• [What the task requires]:
When the listing below reaches the line that has "50pcs Lemon Fruit", start reproducing exactly; stop after the line that has "10K White Gold", and drop the pictures.

• [The data]:
-- Opening Marker --
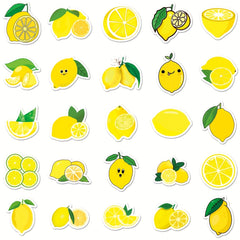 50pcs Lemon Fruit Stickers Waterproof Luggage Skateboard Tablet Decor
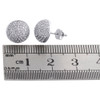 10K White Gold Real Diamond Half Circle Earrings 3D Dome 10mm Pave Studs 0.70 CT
-- Closing Marker --
-- Opening Marker --
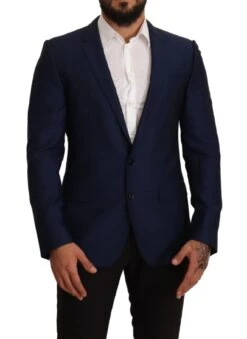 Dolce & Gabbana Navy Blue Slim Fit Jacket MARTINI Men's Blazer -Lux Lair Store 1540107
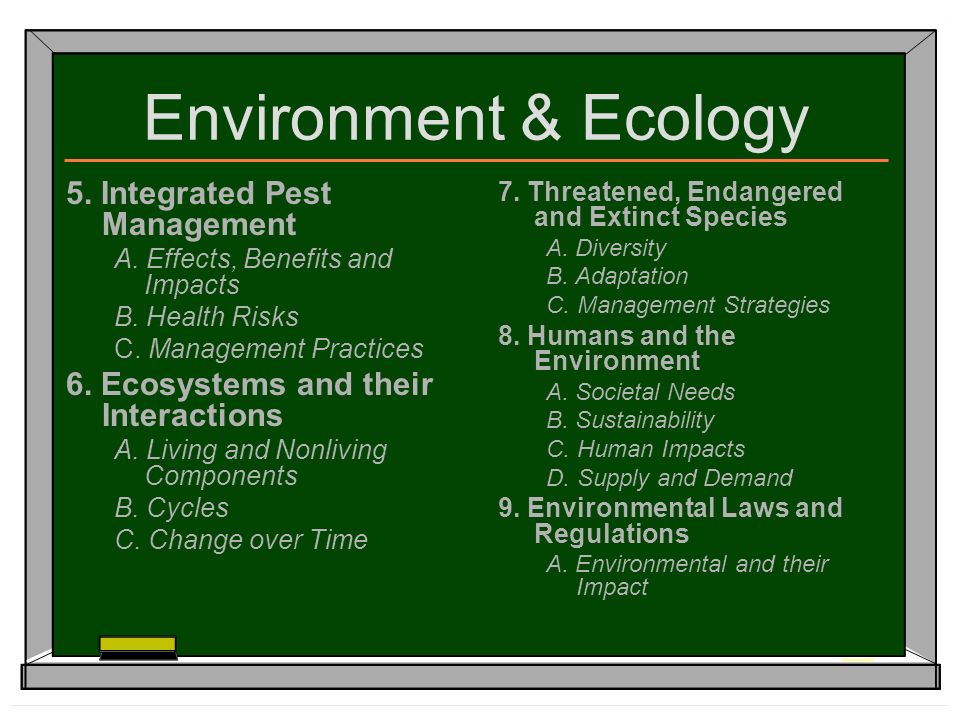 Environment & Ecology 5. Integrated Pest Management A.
-- Closing Marker --
-- Opening Marker --
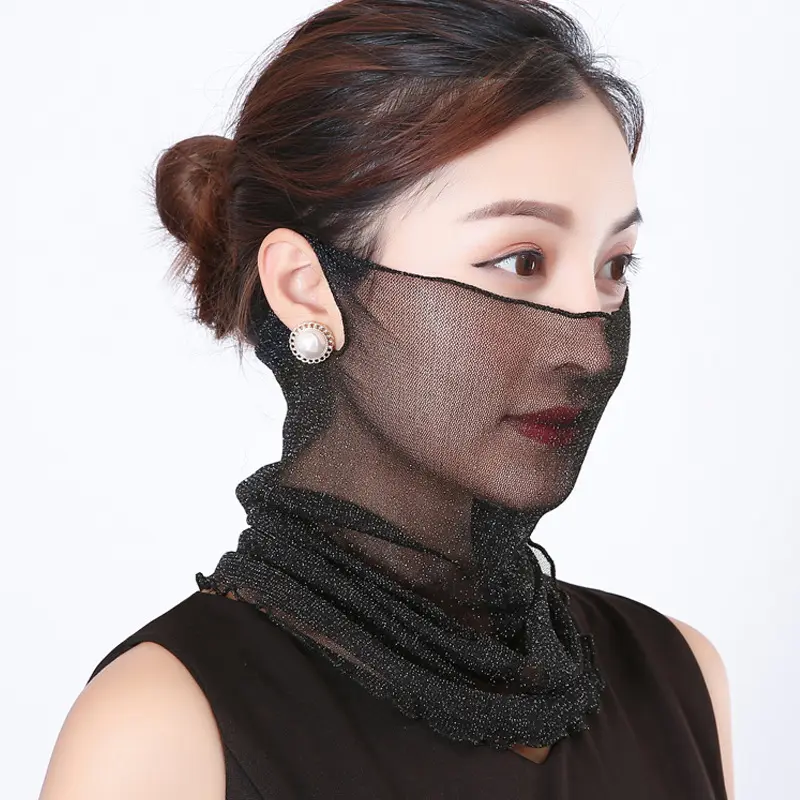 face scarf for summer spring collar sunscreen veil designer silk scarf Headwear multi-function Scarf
-- Closing Marker --
• [Written response]:
 50pcs Lemon Fruit Stickers Waterproof Luggage Skateboard Tablet Decor
 10K White Gold Real Diamond Half Circle Earrings 3D Dome 10mm Pave Studs 0.70 CT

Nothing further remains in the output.